While Klotzbach’s study, which looked at landfalling hurricanes between 1900 and 2018, doesn’t address rainfall, it shows a closer correlation between the damage wrought by a storm and its minimum central pressure.

Hurricane Michael would have been a Cat 5 under this scale

Under Klotzbach’s pressure-based scale, 2018’s Hurricane Michael would have gained Category 5 status ahead of reaching the coast. The powerful storm that wiped out Mexico Beach, Fla. and cut a path of devastation into Georgia, was considered Cat 4 at landfall. A reanalysis of storm data elevated it to a Cat 5 six months after its October landfall.

Sandy was considered a post-tropical cyclone at landfall, but its central pressure of 942 would have made it a Cat 4 storm on Klotzbach’s scale.

Hurricane Ike in 2008 was a Cat 2 hurricane when it hit the north end of Galveston Island, Texas, where more than a dozen people died as a 20-foot storm surge pushed ashore.

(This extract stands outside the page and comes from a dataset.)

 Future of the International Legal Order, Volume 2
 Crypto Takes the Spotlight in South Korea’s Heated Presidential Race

Ike would have been a major Cat 3 hurricane under Kloztbach’s scale.

“Ike was a Cat 2 so people said ‘we’re not going anywhere,’” Klotzbach said.

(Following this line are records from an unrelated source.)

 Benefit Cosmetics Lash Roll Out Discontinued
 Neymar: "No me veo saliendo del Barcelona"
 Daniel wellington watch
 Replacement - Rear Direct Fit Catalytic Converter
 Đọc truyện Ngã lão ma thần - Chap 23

More hurricanes gained categories when considering pressure, but some were deflated. Barry, which hit Louisiana in July 2019, lost its hurricane status.

James Franklin, the former chief of forecast operations at the National Hurricane Center, said he’s not surprised pressure is a better indicator of storm damage, but he’s not ready to scrap the Saffir-Simpson scale.

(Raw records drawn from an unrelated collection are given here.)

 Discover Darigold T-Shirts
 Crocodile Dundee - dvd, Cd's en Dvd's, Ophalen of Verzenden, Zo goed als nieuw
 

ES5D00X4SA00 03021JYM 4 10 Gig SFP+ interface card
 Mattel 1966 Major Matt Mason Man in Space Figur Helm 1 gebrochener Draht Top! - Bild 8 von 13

While insurance companies might want to use pressure as a guide, it doesn’t help the general public in understanding what is coming, Franklin said.

“People in harm’s way need to be concerned with the potential threats to themselves and their property — that is wind, surge flooding and freshwater flooding,” he said. “Emphasizing the minimum central pressure, or changing the categorization from wind to pressure, would be counterproductive to communicating these risks to residents.”

Some are reluctant to give up on the Saffir-Simpson scale

The National Hurricane Center has emphasized risks over storm category for years, but officials are reluctant to talk about potential changes or alternatives to the Saffir-Simpson scale, which launched in 1973. Storm surge was included in the scale originally, but was removed in 2010.

The hurricane center now issues specific storm surge watches and warnings individualized for each storm and coastline.

“People are expending a lot of energy trying to improve the Saffir-Simpson scale and I think these efforts are misguided,” Franklin said.

Some studies have looked at measuring storms by integrated kinetic energy, which considers the size of the storm as well as wind speed. In 2013, a paper by researchers at Florida State University and the Florida Climate Institute proposed a measurement that includes size, intensity and duration.

Jeff Masters, co-founder of Weather Underground who writes the Eye of the Storm blog for Scientific American, thinks a change to Saffir-Simpson is warranted. He said Europe uses a color-coded system to convey magnitude of the storm threat, but acknowledged that may be too simple.

“Clearly we have to do something different because the current system does not work,” Masters said about the Saffir-Simpson scale. “The paper makes a good case that using central pressure to rank hurricanes is superior to using maximum winds.”

Kmiller@pbpost.com

@Kmillerweather

Landfalling hurricane status changes using proposed scale based on minimum central pressure over wind speed

Hurricane Katrina would go from a Cat 3 to Cat 5.

Superstorm Sandy, which was post-tropical when it made landfall in 2012, would rank as a Cat 4.

Hurricane Ike, in 2008, would be elevated from a Cat 2 to a Cat 3.